I agree with that, but the problem is, he's not here. I havent seen any hives around a house anywhere near me.

I live in a big cucumber growing area as well as melons and other edibles. The commercial pollinators haul in trailer loads of hives and set them around the fields until the blooming is over and then they move them out. But that always happens at night so all I ever see are the hives there for a while and then gone. 

I'll get there. Probably be next year, but I'll be as prepared as I can be before I start.


----------



## DownHome (Jan 20, 2006)

Hey you are two steps ahead of me before I started. I had zippo experience with bees, as a child I was terrified of them, and there were no bee clubs that I could take the time to go to.

So what did I do? I just jumped right in. Did a ton of reading on here and other websites, every book I could get my hands on, got all the things that it sounded like were essential. I watched a bunch of videos on youtube and ordered myself a package of bees. Needless to say the first time I hived my package of bees my heart was beating a bit fast, but it has been a blast then and still is now. I say go for it.

downhome


----------



## BobbyB (Apr 6, 2009)

scrapiron said:


> *BEFORE you buy books, look at the copyrite date on the inside cover. Dont buy any books that are over 10 years old. *


My copy of The Beekeepers Handbook came today. ( Amazon ) Its the 4th Edition, copyright 2011 .


----------



## alleyyooper (Apr 22, 2005)

If the bee keepers in your area are half as smart as this area you don't display your bee hives right along the road. The cost on all things bee keeping has gotten so bad theft is bad. A couple with a screen net and a hive carrier can make off with a pick up load of hives a night.
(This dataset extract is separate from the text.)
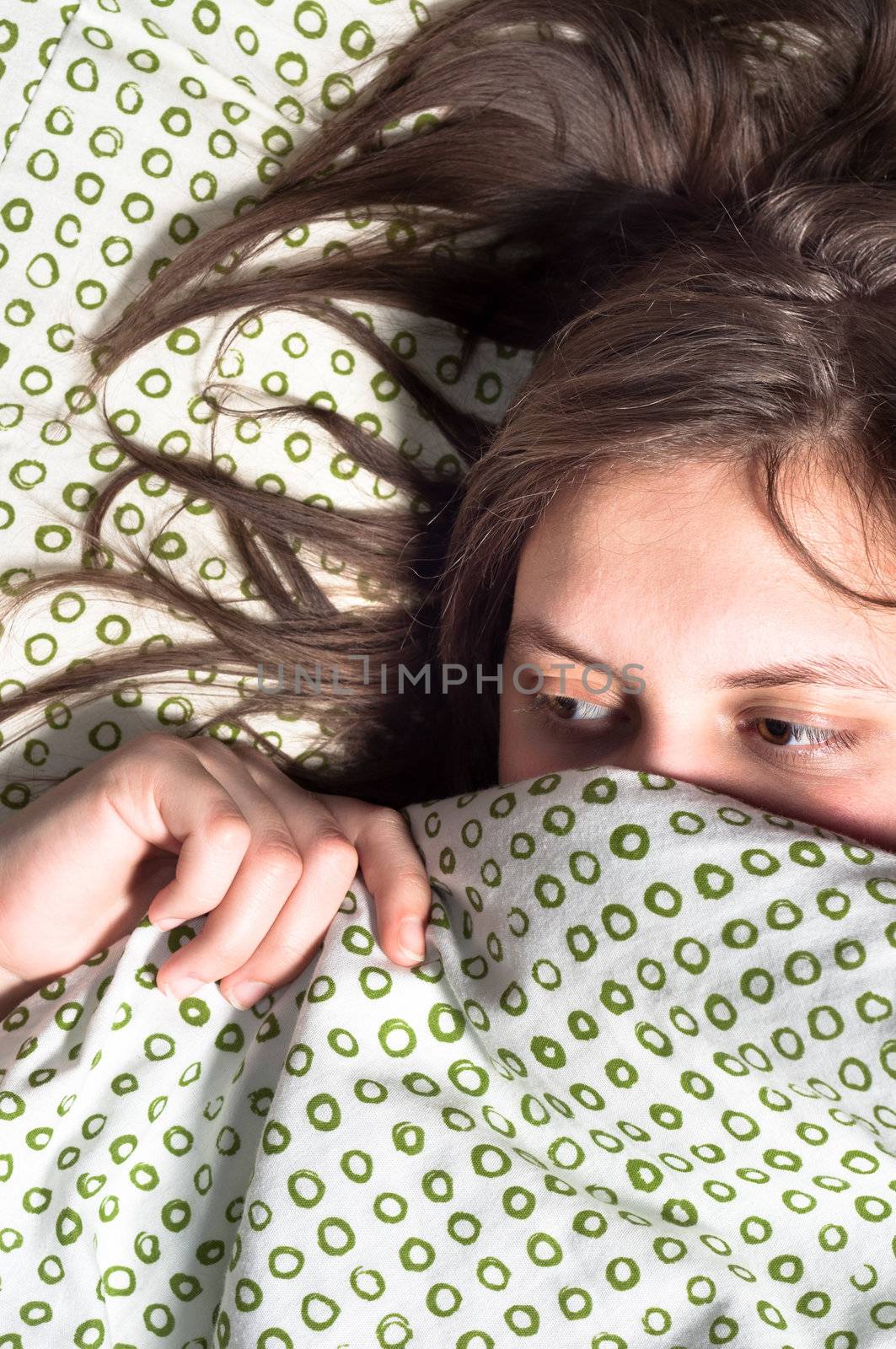 Girl scared of something under blanket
Fellow down the road a half mile had bees on his property for 40 years, I've lived here for 26 years and never knew there were bees there till I Met him at a club meeting. We have colonies in our front yard and back yard that can't bee seen from the road because of our spruce tree wind block and we don't hang a honey for sale sign by the road to let crooks know. We do have some hives that can be seen from the road if you look really really hard. They are in the back of a Cops property about 1500 feet off the road. All the rest are back in fence rows at a horse farm, to the back of a Christmas tree farm and the back property of a tree nursery and other simular places.

 Al


----------



## tom j (Apr 3, 2009)

I got hives here in 07 ,, had some in 06 at our sons ,, none can or could be seen from the road ,,, here my 4 are in a fence , so you have to walk around the yard to see them .. I did see one other hive down the st from here ,, thats in a fence to ,, no idea how long its been there


----------